Required work →
Please write out only the lines from the line with "Polka Dot Printed" to the line with "OpenMDW-1.1 ライセンスの説明", inclusive, exactly as they stand below, without the pictures.

Material shown →
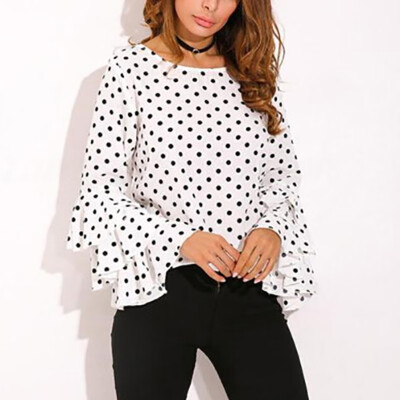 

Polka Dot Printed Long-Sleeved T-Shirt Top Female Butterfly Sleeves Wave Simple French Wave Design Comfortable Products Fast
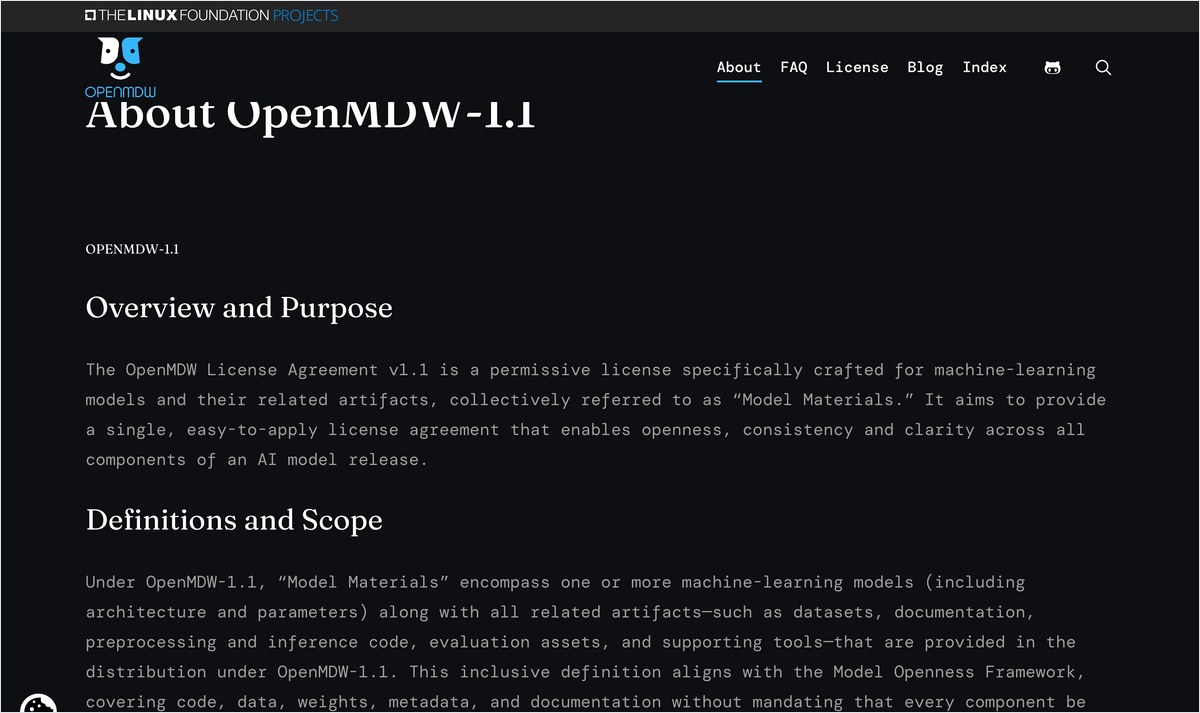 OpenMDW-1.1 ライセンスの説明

* * *

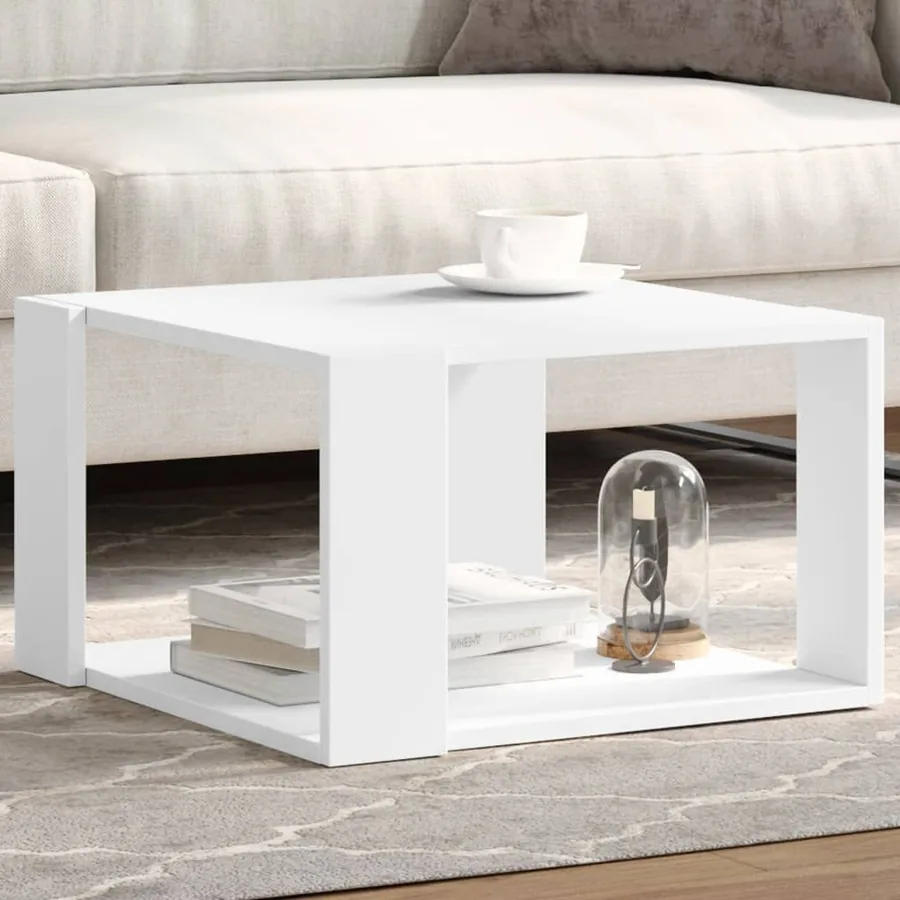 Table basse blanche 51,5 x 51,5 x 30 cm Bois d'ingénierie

Exercise output →
Polka Dot Printed Long-Sleeved T-Shirt Top Female Butterfly Sleeves Wave Simple French Wave Design Comfortable Products Fast
 OpenMDW-1.1 ライセンスの説明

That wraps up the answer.